Discrete v/s Continuous: This nomenclature is a bit of a misnomer, since we are really reasoning about whether the action spaces are continuous or discrete. A discrete action space is one where the agent picks one out of a fixed number of actions at each time step (such as playing chess), and an environment that supports only discrete actions is called a discrete environment. A continuous action is one where there is a magnitude associated with various actions, such as the acceleration or braking of a car (neither of which are binary inputs in the real world). Environments that model continuous actions are therefore called continuous environments.

Known v/s Unknown: A known environment refers to whether the agent knows the rules of the environment, rather than the state. Consider the game of solitaire for instance; this is an environment that is only partially observable, since we do not know the order of cards still in the deck, but since we fully know the rules of the game, we say that this is a known environment. An unknown environment is one where we don't know how the environment behaves (driving in Boston is a great example of this).

Problem Formulation

Now that we have a more precise vocabulary at our disposal, let us briefly revisit and expand upon our definition of an intelligent agent, with a focus on how the factors we discussed play a role in modeling various real life problems.

Perception: Recall that perception refers to how an agent 'sees' its environment; the input to any AI model is what we call the percept of the model. This input may be in the form of an explicit model or an internal representation of the entire spate space. Imagine if you will, the game of tic-tac-toe. One could easily construct a computer program to list every possible configuration of a board of tic-tac-toe in a reasonable timeframe, and then use the output as the search space. This approach, however, is limited to deterministic environments, and may not be scalable. Chess, for instance, has more possible board configurations than the number of atoms in the known universe. For agents such as Roombas or self-driving cars operating in non-deterministic environments, the percept is usually a constant feed of the agent's immediate surroundings, using techniques such as computer vision algorithms. For agents such as ChatGPT, the percept is a natural language input.

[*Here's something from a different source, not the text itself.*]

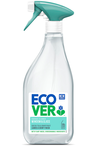 Window & Glass Cleaner 500ml (Ecover)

Interaction: Interaction in the physical world is easily understood as an agent moving or affecting either itself or objects/entities in its environment by means of mechanical actuation. For an intelligent computer program to be able to communicate with the user, interaction often takes the form of text, images, speeech, etc. The output of an image generation model is also a form of interaction.

Learning: Perhaps the aspect of intelligent systems we will spend most of the semester working on, learning is at the very core of artificial intelligence. Learning refers to the process through which an agent may improve or tailor its outputs or interactions based on either data or feedback. Machine learning, reinforcement learning, deep learning, are all aspects of learning that you may be familiar with. Another form that learning may take is for the program to have access to a knowledge base in a format that can be parsed in order to make decisions. Rule-based systems and computations over search spaces are examples of this.

Reasoning and Rationality: The final aspect of decision making refers to whether an intelligent agent is action in a rational manner with an objective in mind. Common considerations for the decision making aspects of an AI model include notions of utility, fairness, and biases that may affect the model's output. Modeling objectives in a manner that satisfies all these aspects at the same time is often impossible, and finding optimal tradeoffs remains an open research problem.